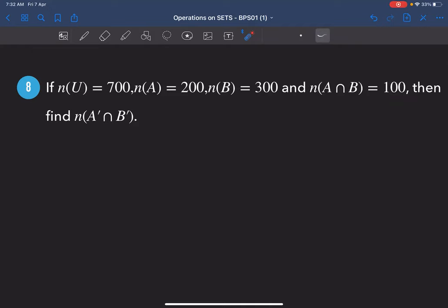To find n(A' ∩ B'): figure out what A' is, figure out what B' is, and find their intersection. In the Venn diagram, identify which region represents A' and which represents B' — their overlapping region is what we need.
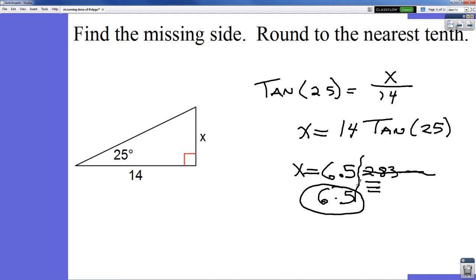The next video coming up will cover using trigonometry to figure out the area of a triangle, so that we can use that information and go forward with finding the area of regular polygons. Have a wonderful day — see you in the next video.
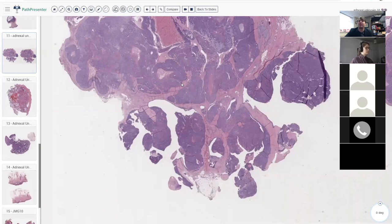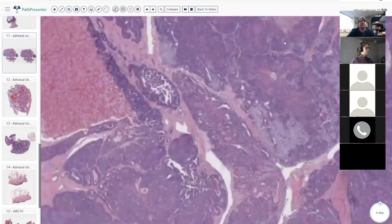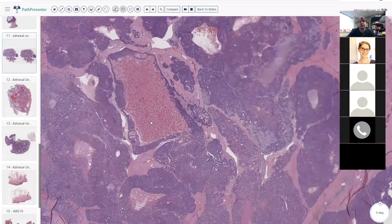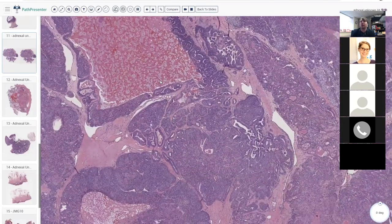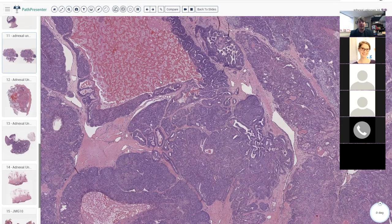Someone mentioned hidradenomaapapilliferum — that would be a consideration in the anogenital area. But the key thing no one mentioned is that we are actually in the finger of a middle-aged man. This changes everything. Yes, very good — this is digital papillary adenocarcinoma, formerly known as aggressive digital papillary adenocarcinoma, although the "aggressive" part got dropped a few years back.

----

Only the pictures are to be left out, and all of the data must otherwise be transcribed exactly.

• _Answer below_
To find n(A' ∩ B'): figure out what A' is, figure out what B' is, and find their intersection. In the Venn diagram, identify which region represents A' and which represents B' — their overlapping region is what we need.
The next video coming up will cover using trigonometry to figure out the area of a triangle, so that we can use that information and go forward with finding the area of regular polygons. Have a wonderful day — see you in the next video.
Someone mentioned hidradenomaapapilliferum — that would be a consideration in the anogenital area. But the key thing no one mentioned is that we are actually in the finger of a middle-aged man. This changes everything. Yes, very good — this is digital papillary adenocarcinoma, formerly known as aggressive digital papillary adenocarcinoma, although the "aggressive" part got dropped a few years back.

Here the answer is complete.